Current FSA (Food Standards Agency) guidelines recommend that a Mum-to-be should consume no more than 200mg of caffeine a day. Consumption below and up to this limit is classed as moderate and therefore relatively safe for mother and baby. Click here for more information on what 'moderate' caffeine consumption actually means and advice on how you can monitor your daily intake.

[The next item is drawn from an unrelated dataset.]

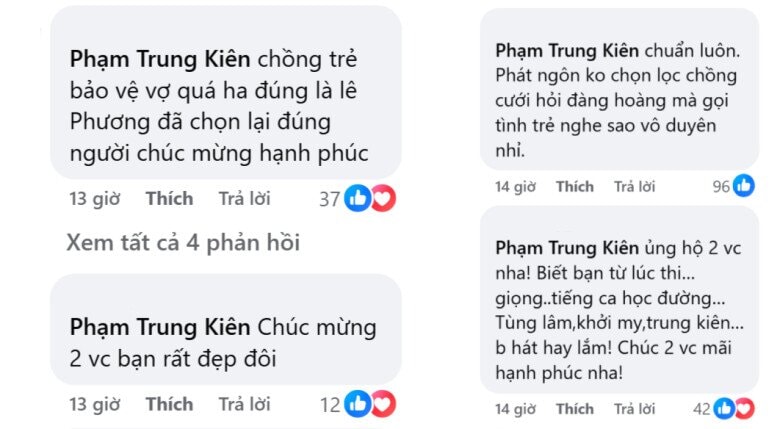 Cộng đồng mạng khen ngợi ông xã Lê Phương khi lên tiếng bảo vệ vợ.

Generally, cutting back on your caffeine consumption during pregnancy is a good thing for your own health and the health of your child, although the odd cup of tea or coffee is unlikely to do you both any harm. If you are concerned that you are consuming too much caffeine you could try switching to decaffeinated versions of your favourite tea and coffee (check with your doctor before experimenting with herbal tea as not all are suitable for pregnancy). Additionally, flavoured water (check its sugar-free) can provide a good alternative to caffeinated fizzy drinks and help to keep you hydrated. Fortunatley, the caffeine content of chocolate is relatively low so you shouldn't need to deprive yourself!

There are many other good articles you can find online.  These will be good readings and knowledge for you if you don't already know.  After that you can decide, coffee or not! As for me, today's cup will be the last until I give birth.  InshaAllah.